Tuesday, 23 March 2010

Multicore requires OS rewrites? Well, maybe

A Microsoft kernel engineer, Dave Probert, gave a presentation last week outlining his thoughts on how the Windows kernel should evolve to meet the needs of the multicore future ahead of us. Probert complained that current operating systems fail to capitalize on the capabilities of multicore processors and leave users waiting. "Why should you ever, with all this parallel hardware, ever be waiting for your computer?" he asked.

Probert said that a future OS should not look like Windows or Linux currently do. In particular, he targeted the way current OSes share processor cores between multiple applications. He suggested that in multicore OSes, cores would instead be dedicated to particular processes, with the OS acting more as a hypervisor; assigning processes to cores, but then leaving them alone to do their thing. It might then be possible to abandon current abstractions like protected memory—abstractions that are necessary in large part due to the sharing of processor resources between multiple programs and the operating system itself.

The reason for this major change is, apparently, that it will improve the responsiveness of the system. Current OSes don't know which task is the most important, and though there are priority levels within the OS, these are generally imprecise, and they depend on programs setting priorities correctly in the first place. The new approach would purportedly improve responsiveness and provide greater flexibility, and would allow CPUs to "become CPUs again."

Probert is an engineer for Microsoft, working on future generations of the Windows kernel. He acknowledged that other engineers at Microsoft did not necessarily agree with his views.

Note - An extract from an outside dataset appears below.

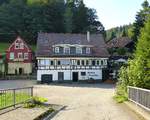 Dobel im Nordschwarzwald, das Gasthaus Eyachmhle, Aug.2017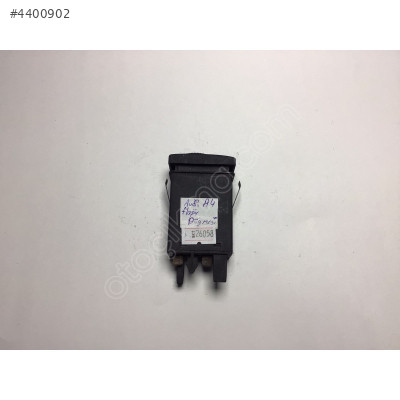 Audi A4 Dörtlü Flaşör Düğmesi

At least, this is what has been claimed; the're one original report from IDG, and that's about the extent of it. The presentation was made at the Microsoft and Intel-sponsored Universal Parallel Computing Research Center at the University of Illinois at Urbana-Champaign, and the slides unfortunately appear to be available only to university attendees and sponsors. Either the report is missing some key point from the presentation that explains the ideas, or it's just not that surprising that Probert's Microsoft colleagues don't agree with him since, well, the suggestion just doesn't make a whole lot of sense.

The big reason that you might have to "wait for your computer" is because your computer hasn't done what you've asked it for. It's still loading a document, or rendering a Web page, or computing your spreadsheet, or something else. Dedicating cores to specific processes isn't going to change that—the problem is not task-switching overhead (which is negligible, and far, far quicker than human reactions can detect) or the overhead of protected memory. The problem is much simpler: programs are slow to react because the tasks they're doing take a finite amount of time, and if sufficient time has not elapsed the task will not be complete!

It's true that some programs do bad things like failing to respond to user input while they're performing lengthy processing, but that's bad coding, and dedicating cores to processes isn't going to do a thing to prevent it. That problem needs to be fixed by developers themselves. The broader problem—splitting up those tasks so that they can be computed on multiple processors simultaneously, and hence get faster and faster as more cores are available—remains a tough nut to crack, and indeed is one of the problems that the Parallel Computing Research Center is working on.

Most peculiar is the alleged claim that this model has "more flexibility" than current models. Current systems can already dedicate processor cores to a task, by having the OS assign a task to the core and then letting it run uninterrupted. But they can also multiplex multiple processes onto a single core to enable running more processes than one has cores (we call this "multitasking").

This isn't to say that operating systems won't undergo changes as more cores become more common. Windows 7, for example, included a raft of changes to improve the scaling of certain system components when used on large multi-core systems. But none of these changes required throwing out everything we have now.

It's not possible that we might yet have to do just that in order to get useful scaling if and when CPUs routinely ship with dozens or hundreds of cores. But unless something's missing from the explanation, it's hard to see just how a massive single-tasking system is the solution to any of our problems.